In the late 90s, a dear friend of mine worked to develop TradeCard, the predecessor to GT Nexus. I was able to mine his knowledge of the TradeCard process. I learned then that an essential part of the trade settlement methodology of TradeCard was Export Credit Insurance, (ECI) provided then by Coface. The receivables insured against non-payment for political and commercial reasons, by ECI could then be financed once POs were matched to receivables. This is fine for financing the cash conversion cycle of enterprises. What about the pre-export operating cycle needs of the SME?  What SMEs need is pre-export financing to fund the inventory purchase and work-in-process, pre-shipment operating cycle? This is where the Working Capital Guaranty facilities of such Export Credit Agencies (ECAs) as SBA and U.S. Ex-Im Bank come into play. 
 
The savings as a result of replacing the manual processing of paper and avoiding errors from the reentry of data are well documented and have been recognized as a means of cost cutting and efficiency for more than 15 years. When compared to manual LC processing, the efficiency of operation and savings are huge. 
 
Both the accounts payable of the merchant buyer and the accounts receivable of the supplier may be financed by banks or financial institutions. 
 
The trade settlement process involves matching massive amounts of data within the EDI functionality and messaging standard. 

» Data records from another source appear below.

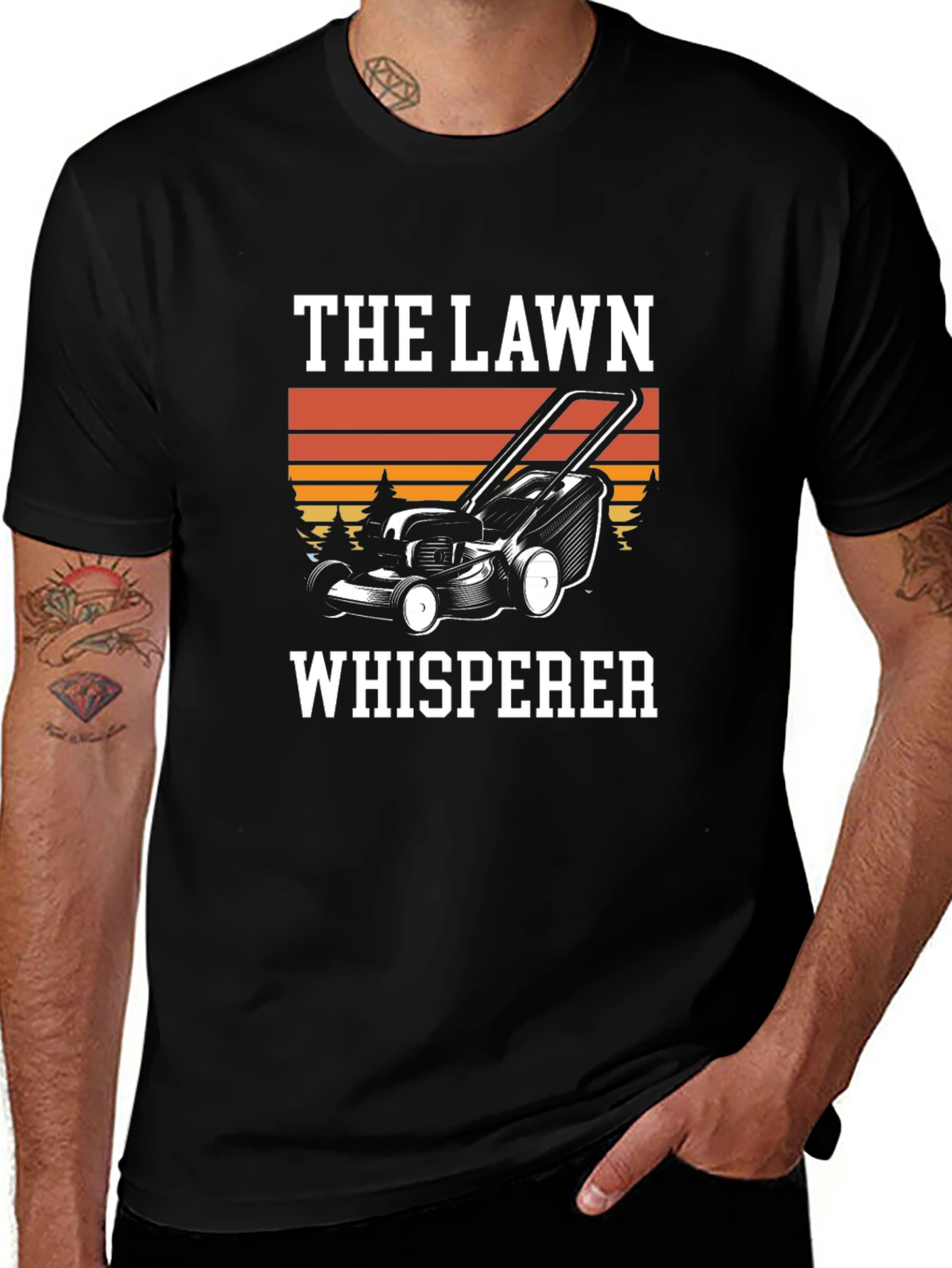 Variant 17 of The Lawn Whisperer T-Shirt - Funny Gardening Tee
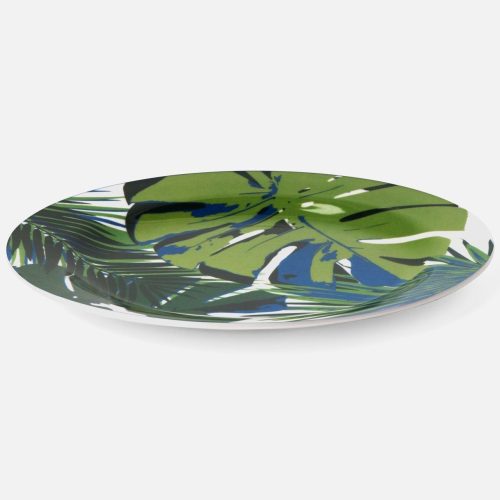 blue pheasant kinsey mixed leaf dinnerware 5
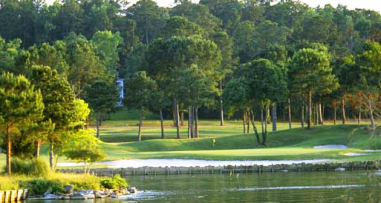 Waterwood National Country Club, CLOSED 2009, Huntsville, Texas, 77320 - Golf Course Photo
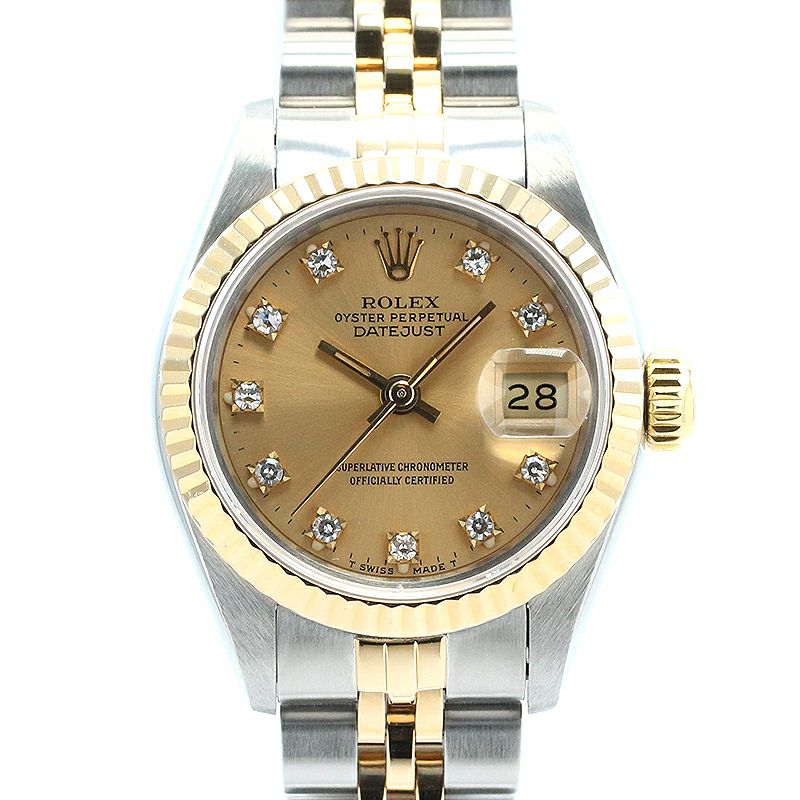 【中古】ROLEX OYSTER PERPETUAL DATEJUST 26 ロレックス オイスターパーペチュアル デイトジャスト 26 69173G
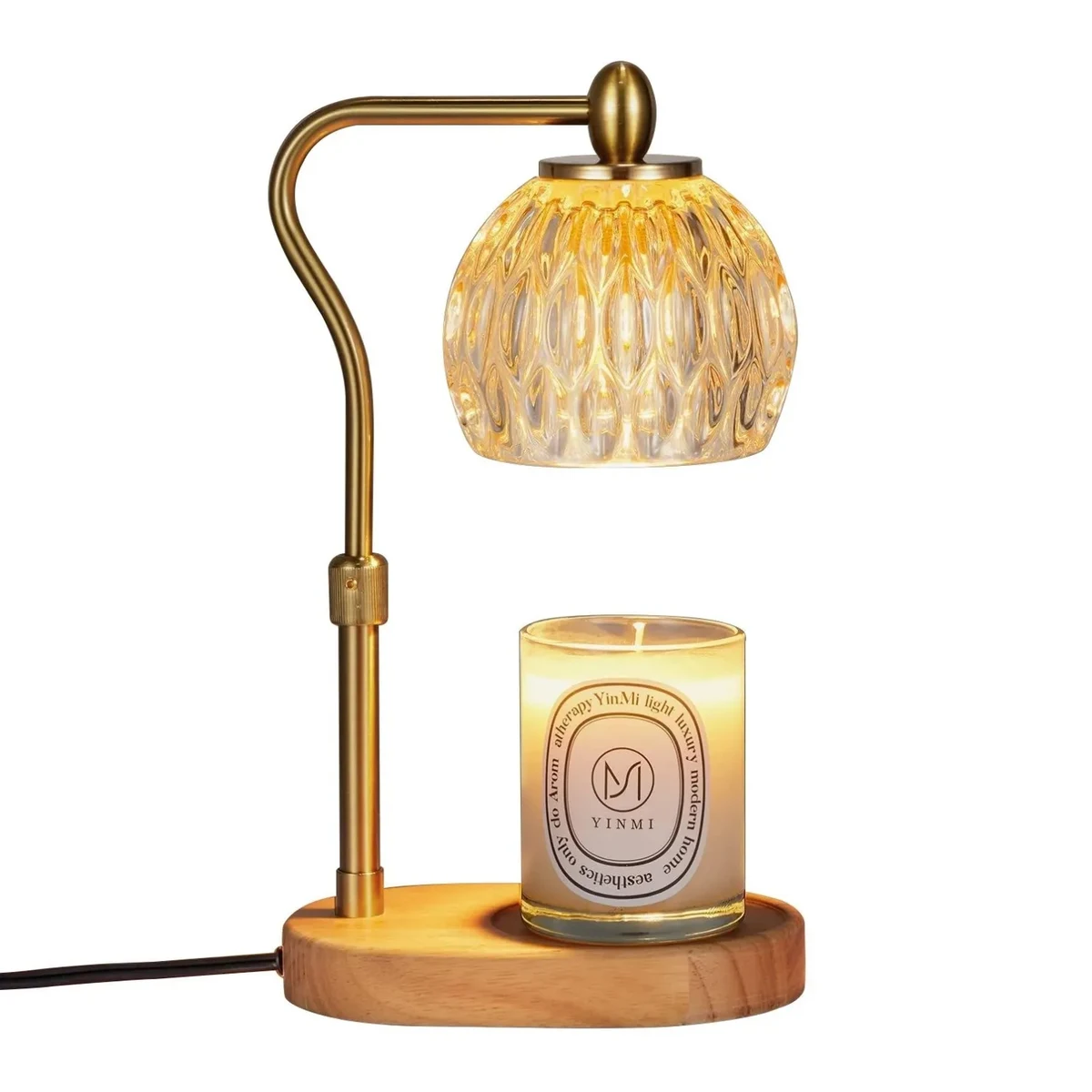 Candle Warmer Lamp with Timer & Dimmer 1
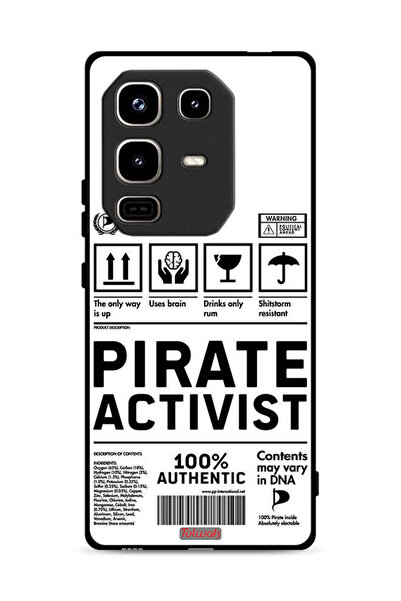 Tolwak غطاء حماية لهاتف Infinix Note 50 Pro 4G، ملصق ناشط خاص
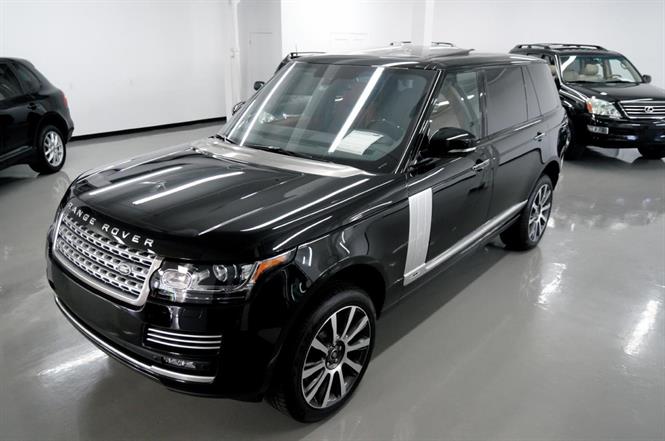 Video Land Rover Range Rover Autobiography LWB 2014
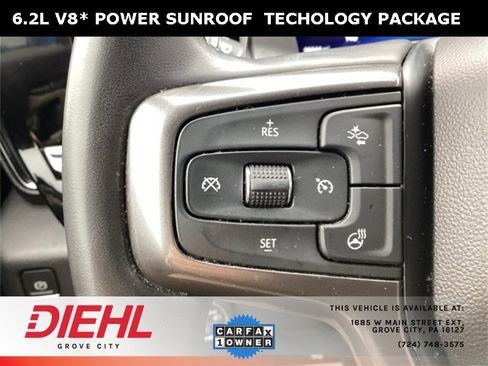 Used 2023 Chevrolet Silverado 1500 ZR2 w/ Technology Package image 34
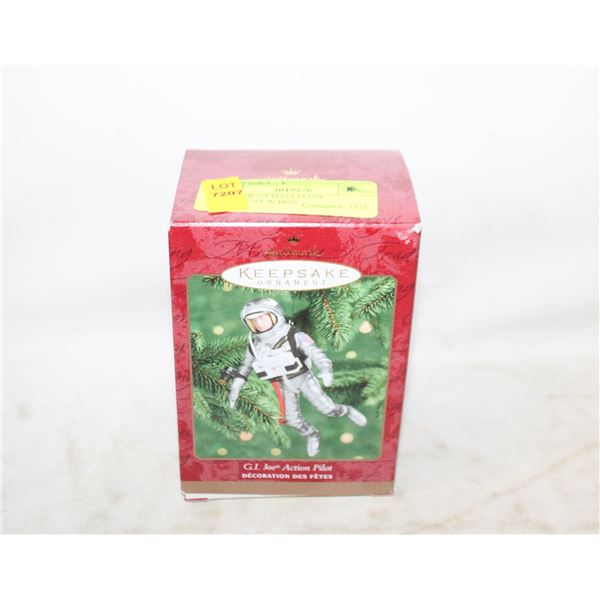 GI JOE PILOT HALLMARK ORNAMENT W BOX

The matching process is convenient and works efficiently. ERP systems can be smoothly integrated into the matching and trade settlement process. There is no need to digitize or de-materialize trade documents because in EDI the data is already electronic and conforms to a standard, the EDI standard. EDI has also been adapted to serve industry-specific requirements. In addition EDI uses the adherence to a communication standard as confirmation of the integrity and legitimacy of the trade counterpart in the same way that SWIFT does.
 
What is the role for trade finance banks in the future? They will own these trade facilitating platforms.